2017 promises to be an exciting year for copyright law. Here are some of the most cutting-edge cases to keep on your radar.

Oracle America, Inc. v. Google Inc., No. 17-1202 (Fed. Cir.), could have a major impact on the future of software development and interoperability. In 2010, Oracle sued Google for using application programming interfaces from Oracle's Java code in Google's Android platform. Google argued that the APIs were not entitled to copyright protection. In 2014, the U.S. Court of Appeals for the Federal Circuit disagreed, holding that Google's use infringed Oracle's copyrights in the APIs. But last May, a jury in a trial on remand held that Google's use of the APIs was protected by fair use—a defense to copyright infringement. The case is now headed back to the Federal Circuit, where the court will decide whether there was sufficient evidence to support the finding of fair use.
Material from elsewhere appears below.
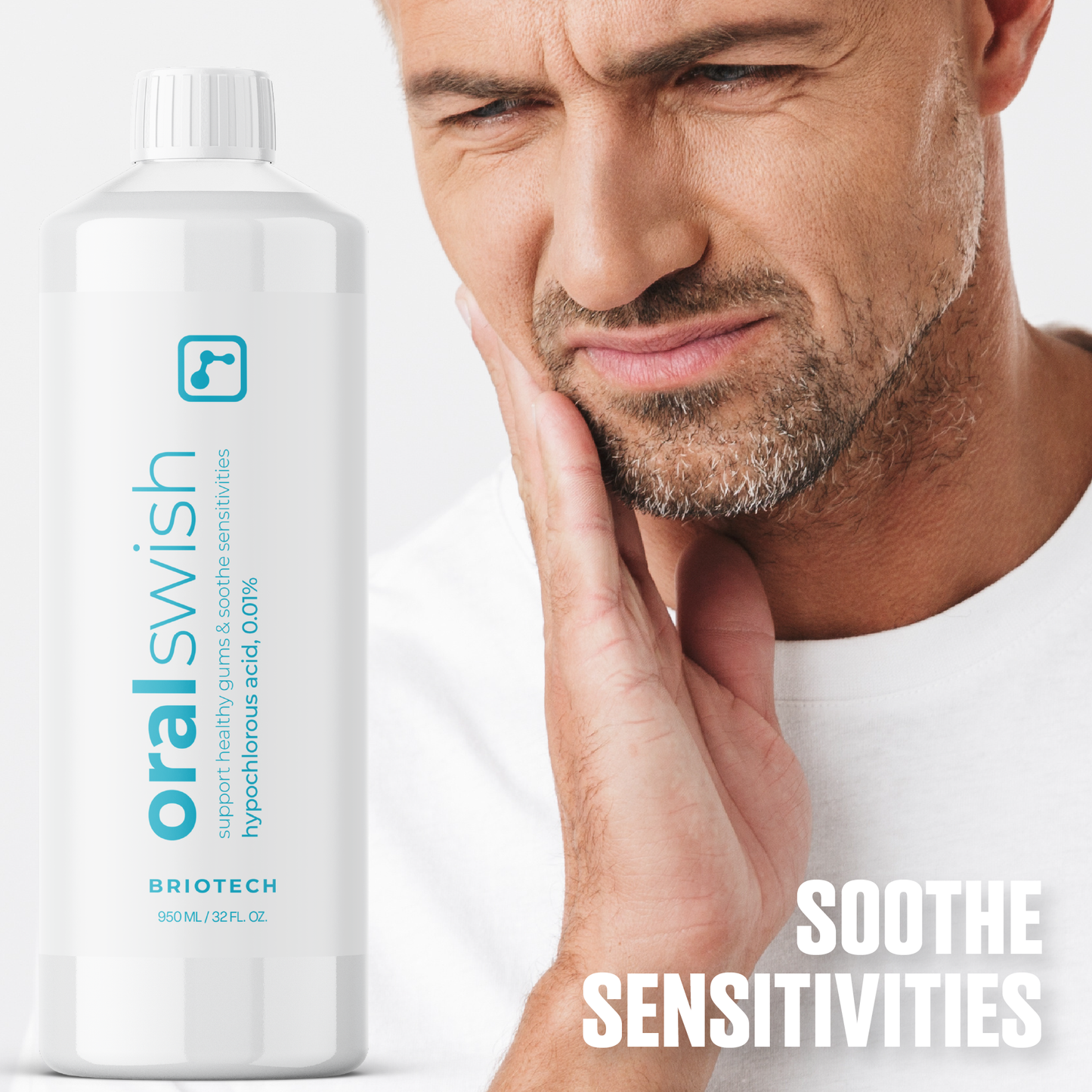 Oral Swish (Wholesale)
Capitol Records, LLC v. Vimeo, LLC, No. 16-771 (U.S.), could change how the Digital Millennium Copyright Act shields technology companies from infringement liability for user-uploaded content. In 2009, several music publishing and record companies sued Vimeo, the online video-sharing platform, for copyright infringement over user-uploaded videos that allegedly contained sound recordings owned by the plaintiffs. Many of those sound recordings were recorded before 1972 and, thus, not entitled to federal copyright protection. Last June, the U.S. Court of Appeals for the Second Circuit held that the DMCA—federal law—shields DMCA-compliant internet service providers from state law copyright claims regarding pre-1972 sound recordings. The U.S. Supreme Court has not yet decided whether it will hear the music companies' appeal.
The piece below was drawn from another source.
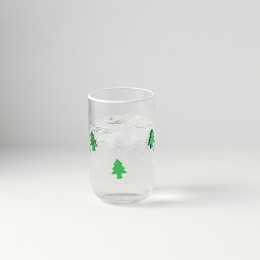 Набор стаканов flowi winter, 510 мл, 2 шт. (79919)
Lenz v. Universal Music Corp., No. 16-217 (U.S.) (a.k.a. the "Dancing Baby Case"),could raise the bar for rights holders who send DMCA takedown notices to internet service providers. In 2007, Stephanie Lenz uploaded a 29-second video of her baby dancing to Prince's "Let's Go Crazy." Universal sent a DMCA takedown notice to YouTube, and the video was removed. After sending two counter-notices claiming fair use and getting her video reposted, Lenz sued Universal for misrepresenting to YouTube that her video was infringing. In 2015, the U.S. Court of Appeals for the Ninth Circuit held that copyright owners had to subjectively believe a use was infringing before sending a DMCA takedown notice. Lenz's pending appeal to the Supreme Court goes one step further, arguing that a copyright holder needs an objectively reasonable belief that a use is infringing before it can send a DMCA takedown notice. The Supreme Court has not yet decided whether it will hear the appeal.

Star Athletica, LLC v. Varsity Brands, Inc., No. 15-866 (U.S.), could alter the copyright protections afforded to fashion designs. Varsity Brands, one of the country's largest suppliers of cheerleading equipment, sued rival Star Athletica for copying its uniform designs. Courts have long considered apparel a "useful article" too utilitarian in nature to warrant copyright protection. Varsity Brands, however, argues that the decorative elements of its uniforms are conceptually separable from the underlying garments, making those elements eligible for copyright protection. The case is currently pending before the Supreme Court. If the justices agree with Varsity Brands' interpretation of the conceptual separability doctrine, the decision could have far-reaching implications for the use and display of certain fashion designs in other media, such as movies or video games.